Working data below:

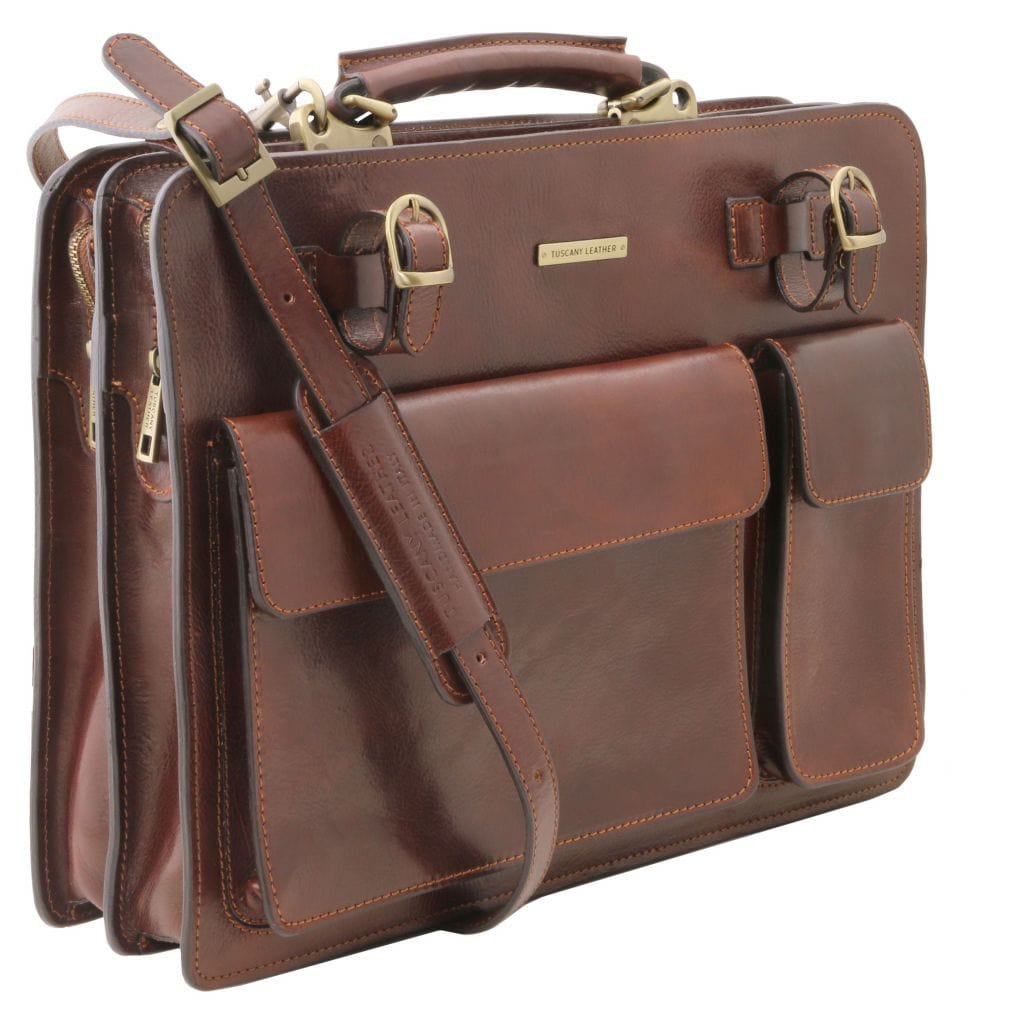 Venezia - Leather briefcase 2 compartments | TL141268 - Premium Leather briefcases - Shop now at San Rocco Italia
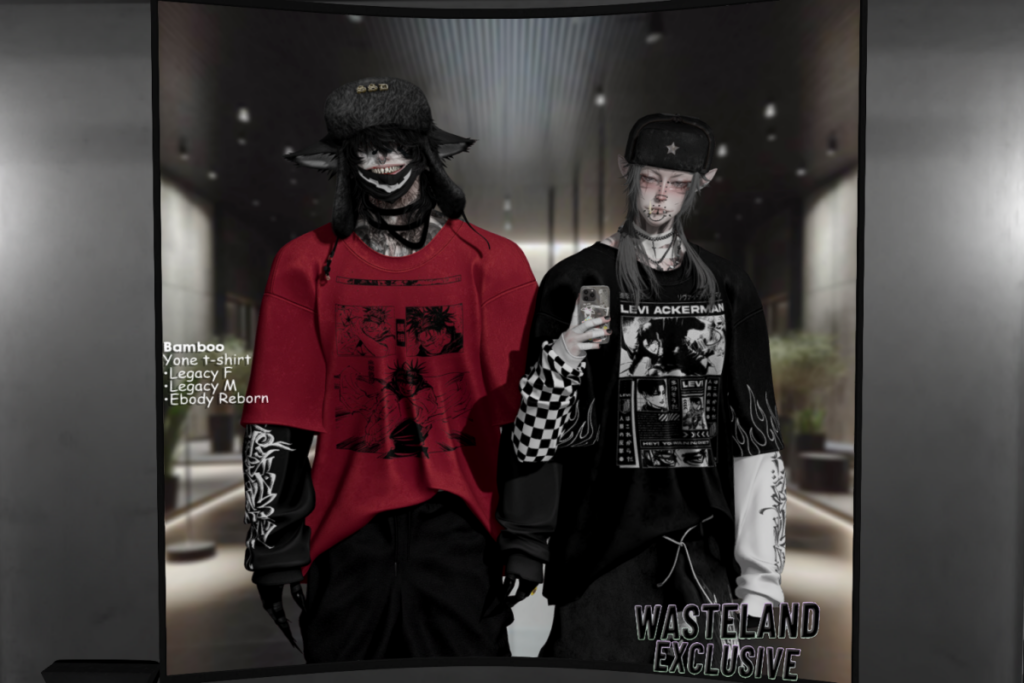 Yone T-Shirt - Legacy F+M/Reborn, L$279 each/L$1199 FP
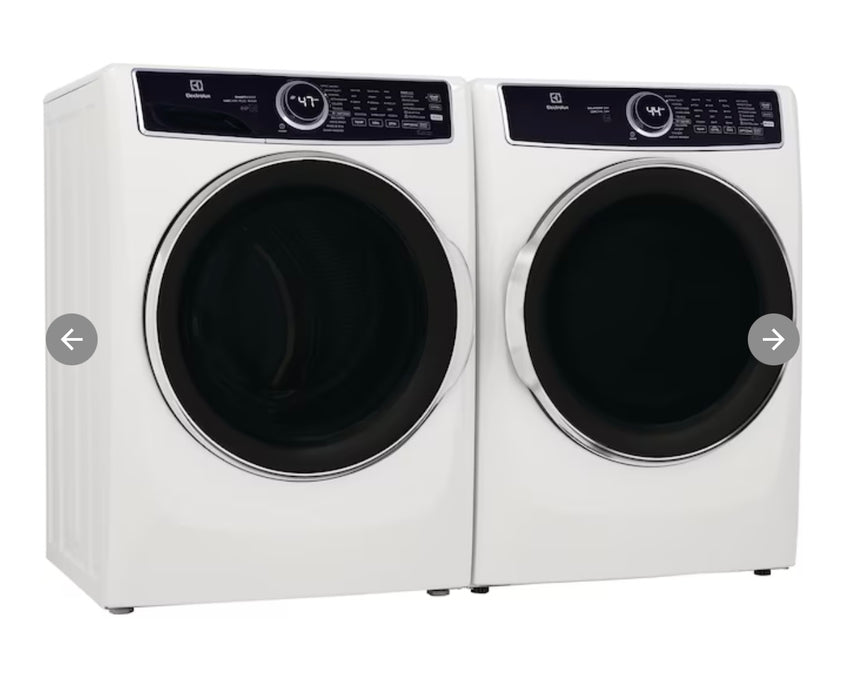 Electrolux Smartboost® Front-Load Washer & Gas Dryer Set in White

End of Working data.
Working data below:

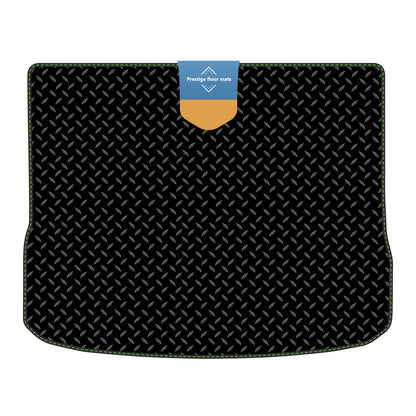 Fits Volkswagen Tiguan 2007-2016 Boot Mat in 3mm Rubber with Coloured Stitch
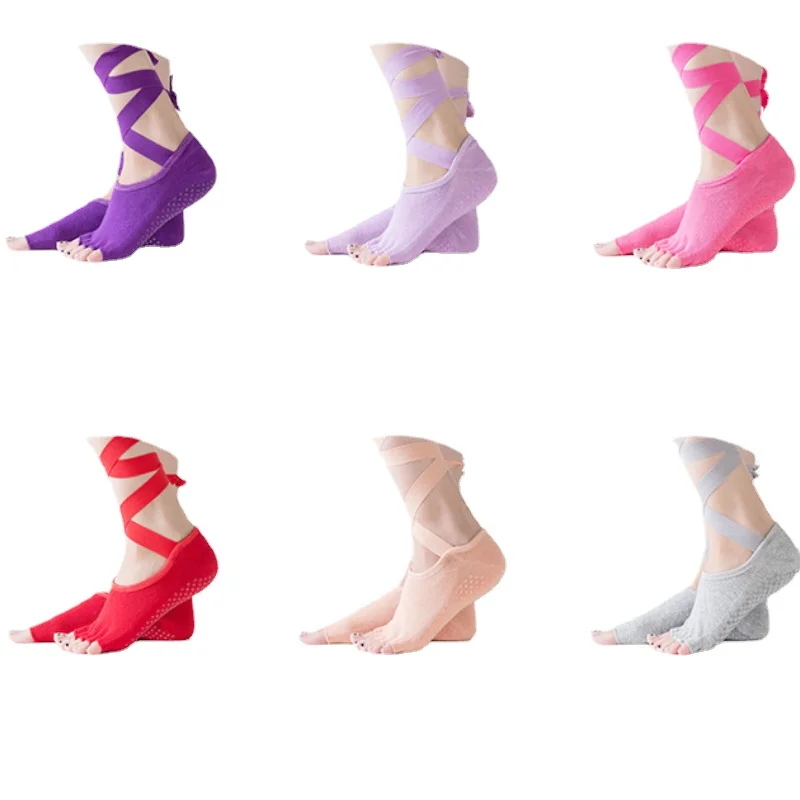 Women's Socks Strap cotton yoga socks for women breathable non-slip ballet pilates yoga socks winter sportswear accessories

End of Working data.

Exercise brief - Return the stretch of data that begins with the line showing "Fits Volkswagen Tiguan" and goes on through the line showing "Women's Socks Strap", exactly, with pictures removed.

Reply to the exercise -
 Fits Volkswagen Tiguan 2007-2016 Boot Mat in 3mm Rubber with Coloured Stitch
 Women's Socks Strap cotton yoga socks for women breathable non-slip ballet pilates yoga socks winter sportswear accessories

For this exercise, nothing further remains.